| Information shown |
- - -

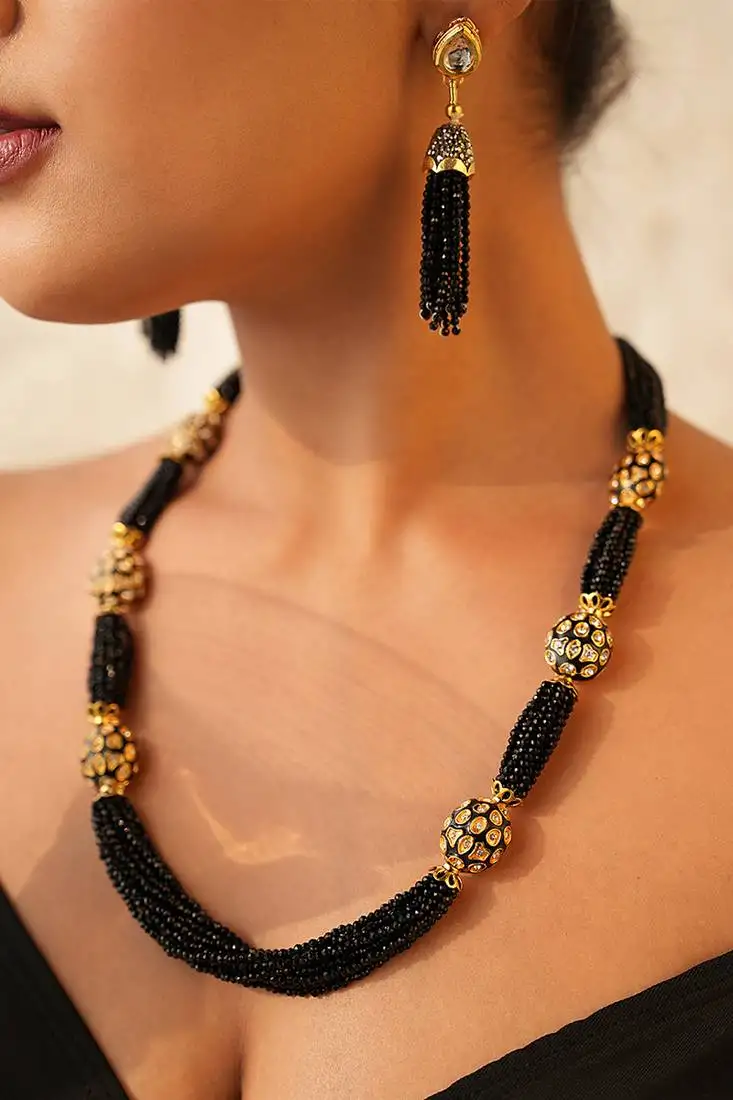 Black beads necklace set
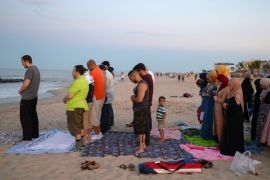 Muslim American friends take part in the Maghrib sunset prayer on the last day of Ramadan and ahead of Eid al-Fitr celebrations on a beach in Long Branch, New Jersey, U.S., June 24, 2017. REUTERS/Amr Alfiky TPX IMAGES OF THE DAY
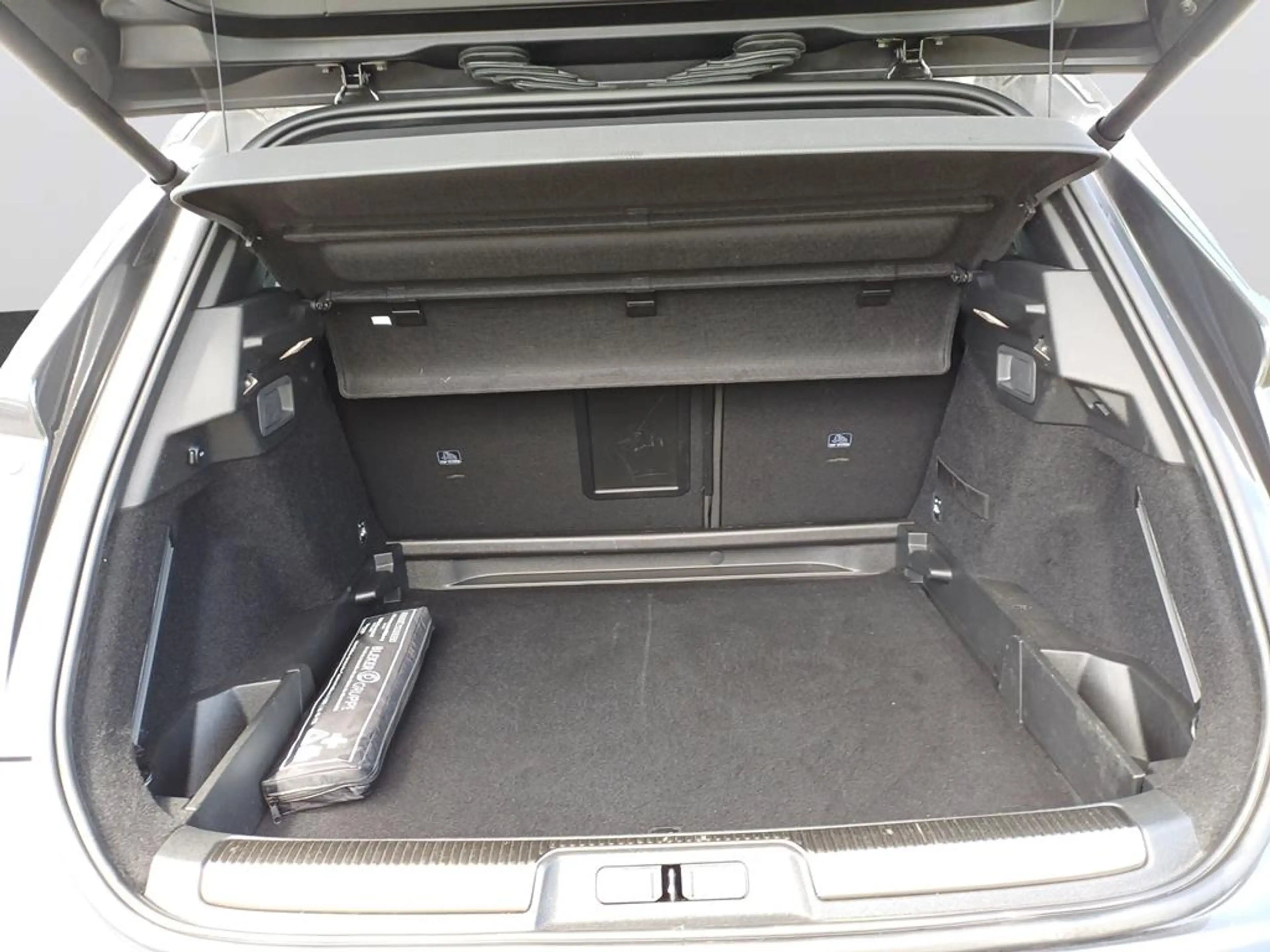 DS Automobiles DS 7 Performance Line+ Blue HDI 130 — photo 8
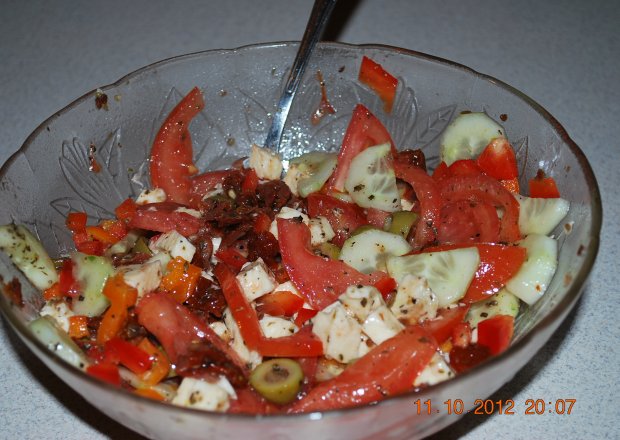 Fotografia przedstawiająca salatka z suszonymi pomidorami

- - -

| How to complete this task |
Copy out all the data exactly. The images should not appear in the copy.

| Response below |
 Black beads necklace set
 Muslim American friends take part in the Maghrib sunset prayer on the last day of Ramadan and ahead of Eid al-Fitr celebrations on a beach in Long Branch, New Jersey, U.S., June 24, 2017. REUTERS/Amr Alfiky TPX IMAGES OF THE DAY
 DS Automobiles DS 7 Performance Line+ Blue HDI 130 — photo 8
 Fotografia przedstawiająca salatka z suszonymi pomidorami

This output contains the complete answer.